NEW DELHI – With India’s telecom sector investing heavily in green-energy solutions, Panasonic’s local unit has cashed in on the growing demand, generating over $100 million in sales in the last three years supplying lithium-ion battery-based solutions.
The telecommunications sector has become the major growth driver for Panasonic’s energy storage drive launched in 2013 in the South Asian country, top company officials said.
“We have been offering lithium-ion battery-based energy solutions in India for the last three years, and have already accumulated over $100 million in revenue from the telecom vertical alone in the country,” said Manish Sharma, president and chief executive officer of Panasonic India.
The demand for lithium-ion battery-based systems comes mainly from the push by Indian telecom service operators for environmentally friendly and sustainable solutions to power telecom towers and other services in the country, according to experts.
For example, Bharti Airtel, the nation’s leading telecom services provider, has announced that more than 40,000 of its towers are now operating on battery-hybrid, lithium-ion and solar-hybrid technologies, and that it aims to increase the use of renewable energy by 2020.
According to an industry regulator’s report, Indus Towers, the country’s largest telecom tower company, has committed to investing over 5 billion rupees ($77 million) in green initiatives.

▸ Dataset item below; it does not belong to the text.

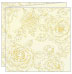 Rose Passion Trifold Card 5 3/4 x 5 3/4 - 10/Pk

As of last December, the company was managing about 123,000 towers in India, out of which around 60,000 were diesel-free and about 1,000 sites were running on solar energy. The report notes that out of the 450,000 towers in the country, only 90,000 are diesel-free sites.
Panasonic India says it is betting big on the energy storage business in the country with demand likely to grow on the back of policy initiatives launched by the government to promote the use of renewable energy and demand from other industrial segments seeking energy-efficient solutions.
“India has set an ambitious target for renewable energy generation in the country, which will require energy storage systems to tackle the challenges of renewable energy, including inconsistent supply. Also, the demand for energy storage solutions is coming from the banking, green buildings and industrial segments in the country,” Sharma said.
India has set a renewable power capacity target of 175 gigawatts by the end of 2022, up from the current 46.33 gigawatts.
Seeking to gain traction in the energy storage market, Panasonic and power firm AES India jointly announced last year an agreement to construct a 10-megawatt energy storage project in India to tap the sector’s growing potential.
According to research firm TechSci Research, the market for lithium-ion batteries in India is projected to grow at a compounded annual growth rate of over 32 percent from 2016 to 2021, thanks to increasing penetration of consumer electronics products such as smartphones, tablet PCs and laptops, expansion of telecommunications networks, and growing demand for electric and hybrid vehicles.